Input data |
════════════════

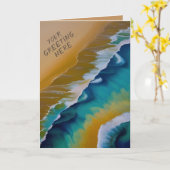 Waves op een Sandy-strand Kaart (Gele Bloem)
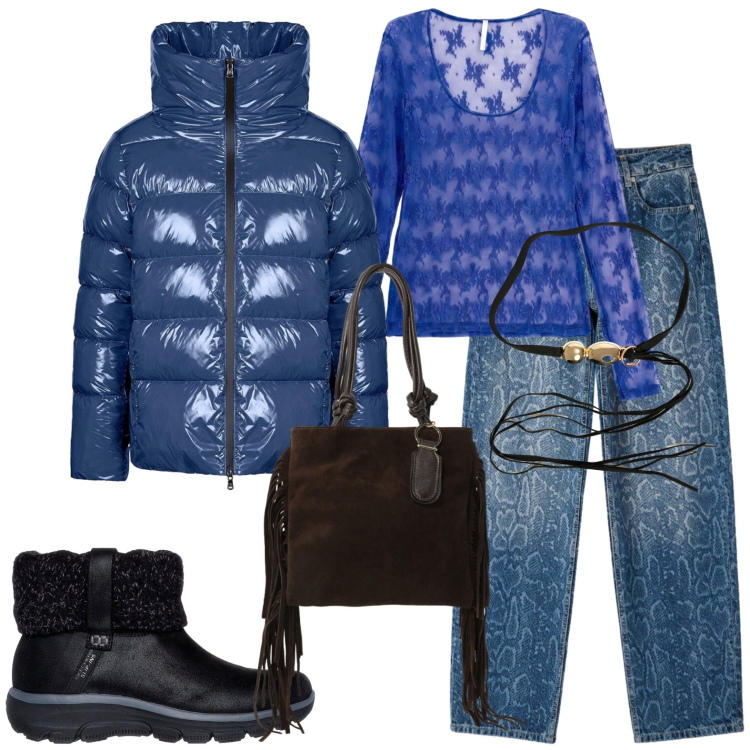 Outfit donna - Nero e....... Stile Casual per Tutti i giorni. Abbinamento con top, borse a mano, piumini, cinture, jeans dritti, stivaletti.
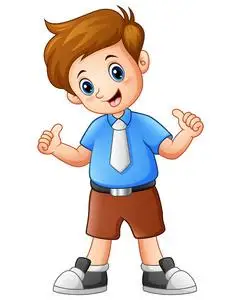 一个可爱的男孩,放弃竖起大拇指一个可爱的女孩,穿着学校制服学校卡通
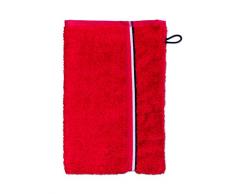 möve Athleisure Waschhandschuh Doubleface 25 x 17 cm aus 85% Baumwolle / 15% Polyester, ketchup/grey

════════════════

Description of the task |
Word for word, retype the lines from the one with "一个可爱的男孩,放弃竖起大拇指一个可爱的女孩,穿着学校制服学校卡通" through the final line of the data, both included. No pictures belong in the copy.

Answer for this exercise |
 一个可爱的男孩,放弃竖起大拇指一个可爱的女孩,穿着学校制服学校卡通
 möve Athleisure Waschhandschuh Doubleface 25 x 17 cm aus 85% Baumwolle / 15% Polyester, ketchup/grey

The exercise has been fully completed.